Haji dan Qurban Setiap Saat
Oleh: Muhammad Roby Ulfi ZT*
Disadari atau tidak, setiap kali kita menutup
shalat, pasti kita menyematkan Nabi Ibrahim dan keluarganya dalam tasyahud
akhir. Kenapa tidak nabi yang lain? Dan saat kita tengah menutup tahun ini,
setidaknya ada dua ibadah teristimewa; ibadah haji dan ibadah qurban
(udhiyyah).
Dua ibadah penutup tahun ini dikatakan
istimewa karena hanya dilaksanakan setahun sekali, di penghujung tahun pula.
Dan semakin istimewa sebab hanya bisa dilaksanakan bagi yang mampu (the have).
Pertanyaannya lagi, kepada siapakah Tuhan kali pertama mensyariatkan dua ibadah
ini?
Dari sini, tampak jelas kita memang butuh
cermin tahunan agar kehidupan ke depan semakin "kinclong". Semakin
yakin firmah Allah, "Sungguh, telah ada suri teladan yang baik bagi kalian
pada Ibrahim dan orang-orang yang bersama dengannya."

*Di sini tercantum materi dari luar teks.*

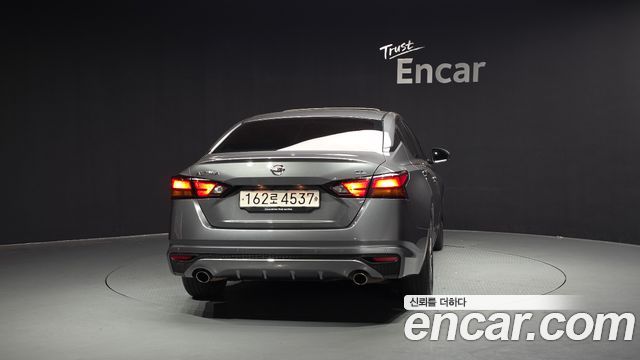 Nissan Altima из Кореи Encar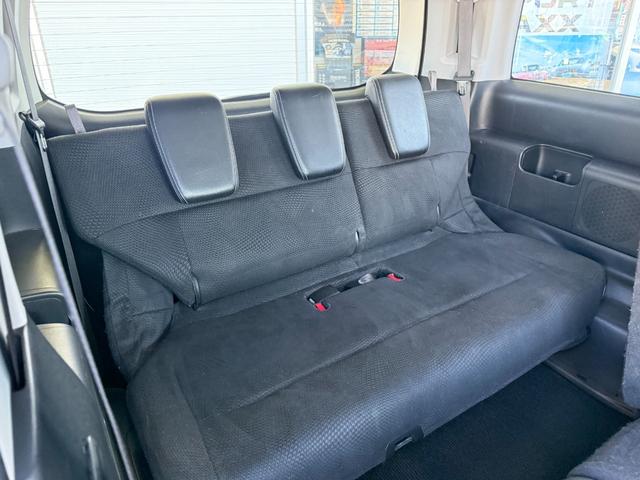 ステップワゴンスパーダ Ｚ　クールスピリット　後期型　８人乗り　純正９型ナビ　後席モニター　両側電動スライド　バックカメラ　ＥＴＣ　フルセグＴＶ　ＤＶＤ再生　ハーフレザー　クルコン　パドルシフト　ドラレコ　スマートキー　ＨＩＤライト　純正アルミ（17枚目）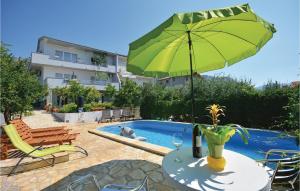 Nice Apartment In Kastel Sucurac With 1 Bedrooms, Wifi And Outdoor Swimming Pool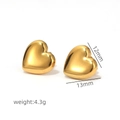 Dettaglio orecchini a cuore da 13mm in acciaio inossidabile dorato 18k, 4,3g - Orecchini a Bottone a Cuore Oro (13mmx12mm)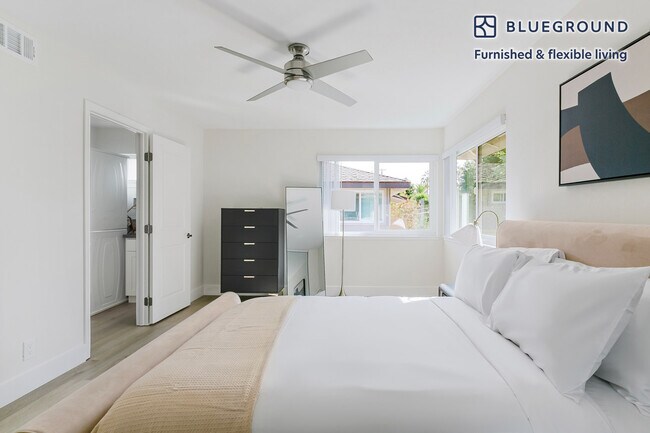 Building Photo - 854 Jordan Ave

Ayat enam surat al Mumtahanah tersebut memantapkan
kita untuk menjadikan Nabi Ibrahim dan keluarganya sebagai cermin kehidupan.
Minimal, kita bercermin sekali setiap penghujung tahun seperti inilah.
Mari kita refleksikan setiap langkah hidup
kita dengan cermin Ibrahim sekeluarga, yang pertama kali mengumandangkan haji
dan merelakan putranya, Ismail, disembelih sebagai bentuk pengorbanan cinta
kepada Allah Subhanahu Wata'ala.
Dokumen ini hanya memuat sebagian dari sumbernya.